I will agree, My Rem 700 VLSS 22-250 had to be bedded, the barrel channel sanded, and I had to do a trigger "tweak" to get it to shoot in the same ball park as my Sav 12 BTCSS .204 with no work what so ever. That was when I had a Leupy VX-III on the Rem and a Barska SWAT on the Savage. I have since moved the .204 up to a Leupy VX-III also.


----------



## barebackjack (Sep 5, 2006)

Ron Gilmore said:


> Still want to argue or dispute this?


Yup!

Ive seen more than one Savage "out of the box" that was far from what anyone would call "accurate". I have yet to see a horrible out of the box Remington.

I can tell our taste in rifles is never ever EVER going to mesh considering you put Howa in your number two spot. I guess I just dont consider what most Savages do out of box as being "accurate". Nobody makes a factory rifle I consider accurate, period. And Remington is just so much easier to get to an adequate level in my experience.


----------



## Ron Gilmore (Jan 7, 2003)

Barreback, I look at a rifle as a tool,thus my reason for putting the Savage in first, Howa second simply on the reliability of one gun to the next out of the box. Triggers on all are set heavy which is the most prevalent reason for poor shooting in most people. Savage Accutrigger is easy to adjust and makes it much more likely for it to group better out of the box! Construction of the rifle in how the barrel connects also removes a lot of issues that Rem has new out of the box as well! Then there is the stock issue! There is no comparison to the synthetic stocks between the two rifles as well!

Now look at Howa/vanguard in comparison to Rem. Again both heavy trigger pulls from the factory, both easy to adjust if you are competent. Fit and finish of a Howa will exceed that of Rem almost every time as well. Polished throat and closer factory tolerances on head space again overshadow that of the Rem.

The conversation and comments are out of the box accuracy, plain and simple! I own a Mossberg ATR in a .243 with a cheap package scope.

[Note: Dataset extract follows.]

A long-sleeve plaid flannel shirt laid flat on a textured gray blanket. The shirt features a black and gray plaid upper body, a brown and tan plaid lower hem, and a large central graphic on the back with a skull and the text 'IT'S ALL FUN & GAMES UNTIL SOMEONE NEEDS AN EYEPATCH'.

Bought it for $200.00 that as it is with a much heavier trigger than I like shoots 3/4" MOA with factory ammo at 100 yards. It is a good one, but not all ATR will do what this one does, nor do I judge them all to be the same. But with owning new a dozen or so of Savage,Rem,Howa,Win and even Rugers. The two most consistent out of the box performers without tweaking have been Savage!

Rem in my experience have taken the most effort to bring them into an acceptable level, and none have been exceptional!

But as I said before, when it comes to rifles, you have people who think brand A is the best. It might be that it was the first brand or model they ever owned, or dad or grandpa shot one! Others latch on to what some gun reviewer wrote. A good case in point is the pre-64 Win and the .270 Win both favorites in columns by O"Connor.Myths of reliability,performance where born out of his writings. Same with the 308 Win as being the most accurate, again for what ranges?

I use to do a lot of longer range shooting out to 600 yards. I do not anymore and most people also are not. The majority of people are looking for a gun that is going to allow them a 2" grouping or better at a 100 yards. Most will not buy a scope above $200.00 as well! Do you really think they will take the time to fix the 10lb trigger on a Rem,go through take it all apart and properly re-tighten every screw on the gun, polish the roughness out of the throat, and have it checked to make sure the head space is proper?

I doubt it, and it is not something that they have to deal with most times out of the box with a Savage!


----------



## xdeano (Jan 14, 2005)

If you're looking for a 2" gun, pick up any rifle and i'm sure you'll get what you're looking for. Accuracy out of a factory stick in my opinion would have to be 1" or less. With that, just about any rifle will fit the bill. There are so many variables as to what accuracy is. For one person that picks up a rifle and shoots a 2" group and is satisfied with that, cool. If someone else picks up the same rifle and is able to shoot a 1/2" group, that tells you about the accuracy of the rifle, and the shooter. A lot of inconsistency are blamed on the gun manufacture and not on the shooter.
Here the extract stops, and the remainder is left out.